Pendant ce temps, l’homme transvasait la solution
de morphine dans un récipient à large ouverture qu’il cachait sous sa
vareuse et lui substituait de l’eau claire apportée à cet effet. Puis,
sous couleur qu’il avait oublié sa bourse, il partait sans prendre l’eau
minérale. Après quoi, la fillette ne tardait guère à le suivre, en
invoquant le premier prétexte venu. Ce travail compliqué lui rendait la
vie assez incommode en Belgique, — il était de Namur. Comme tous les
inventeurs plus grands que leur destinée, il vint demander un refuge à
Paris, où, sans la clairvoyance d’un potard inaccessible à la fantaisie,
il cueillerait sans doute encore des pavots dans chacun des vingt
arrondissements.
⁂
La morphine compte sous ses étendards moins de poètes que l’alcool. À peine Édouard Dubus et Stanislas de Guaita, lorsque la « Muse verte »
s’enorgueillit de Verlaine, de Musset, d’Edgar Poë et de tant
d’illustres envoûtés. D’Anacréon à Litaïpé, d’Horace à Chaulieu, de
Khayyam à Béranger, tous les faiseurs d’odelettes ont dit le charme de
la coupe et les festins couronnés de verveine, cependant Baudelaire, en
même temps qu’il célébrait l’« âme du vin », montrait les
…hardis amants de la démence,
Fuyant le grand troupeau parqué dans le destin.
Et se réfugiant dans l’opium immense.
Fuyant le grand troupeau parqué dans le destin.
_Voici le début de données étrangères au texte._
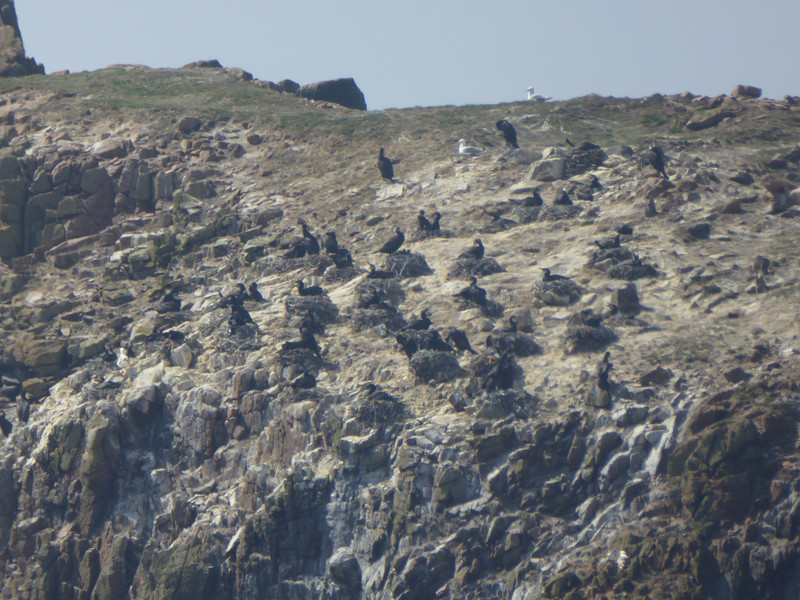 It is home to a colony of nesting cormorants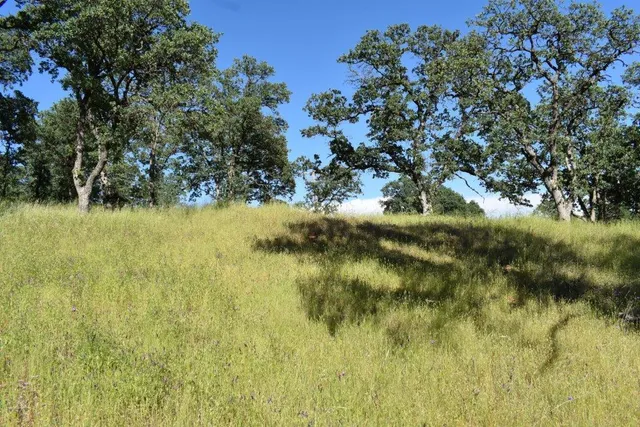 a view of yard from window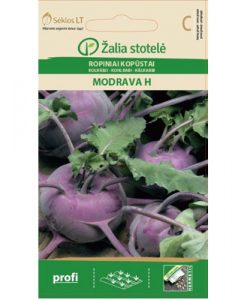 Modrava H - kålrabbi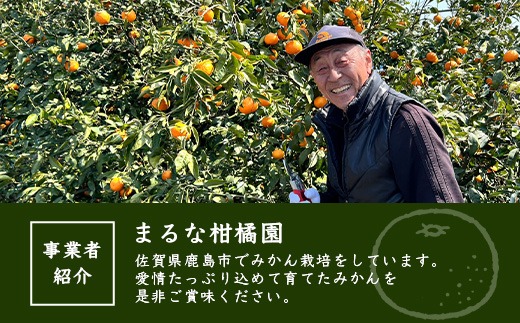 ãŸããª ææ©å㮠倧ç ã¿ãã çŽ9kg ãµã€ãº 3L (çŽåŸ9cmçšåºŠ)ä»¥äž ã2026幎1æä»¥éé
éäºå®ãéå³¶ã¿ãã ãã«ã³ èæ äœè³ç 鹿島åžç£ éæç¡æ B-262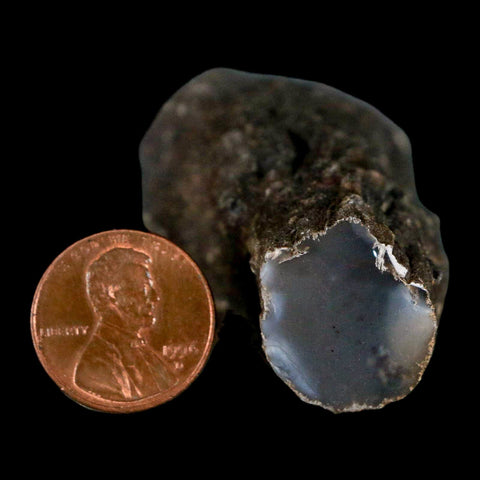 2.6" Fossilized Blue Forest Petrified Wood Limb Branch Eden Wyoming 50 Mil Yrs Old - Fossil Age Minerals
Et se réfugiant dans l’opium immense.
Après lui, Guaita, dont les poèmes inconnus étincellent de beautés,
a, seul avec Jacques d’Adelsward, chanté, en France, un hymne aux herbes
vénéneuses :
Salut, flore équivoque !
L’infortuné t’invoque.
Dompteuses des douleurs,
Salut, ô fleurs !
En revanche, les hommes politiques recourent fréquemment au coup de
fouet de la piqûre. Le docteur Louveau, en 1887, au moment de l’affaire
Schnœbelé, a vu, dans les jardins de l’Élysée, le général Boulanger se
faire une piqûre. Le prince de Bismarck ne parlait au Reichstag qu’après
s’être injecté une assez forte dose. Vers le soir de sa vie, il usa
largement de la drogue favorite.
L’acteur Marais, morphinomane enragé, mourut en pleine démence, vers
la quarantième année. Il se croyait en vérité Michel Strogoff. Il se
prenait de querelle dans les rues avec des passants inoffensifs, « pour
Dieu, pour le tzar, pour la patrie » ! Le beau Damala ne pouvait jouer La Dame aux camélias sans se faire donner, à chaque entracte, plusieurs grammes de morphine. Guy de Maupassant,
morphino-éthéro-cocaïnomane, combinait les divagations de la paralysie
générale avec les délires toxiques, dans la maison de santé où finit
misérablement une vie à ses débuts trop heureuse. Enfin, on atteste,
chez les gens bien informés, que le docteur Babinski injectait quelques
centigrammes de morphine, par vingt-quatre heures, à l’illustre Charcot,
atteint, pendant les derniers mois de sa vie, d’un lumbago chronique.
Alphonse Daudet, que les douleurs fulgurantes du tabès excruciaient nuit
et jour, fut obligé de recourir au poison dont il avait, dans l’Évangéliste, analysé avec tant d’élégance et de précision l’influence endormeuse.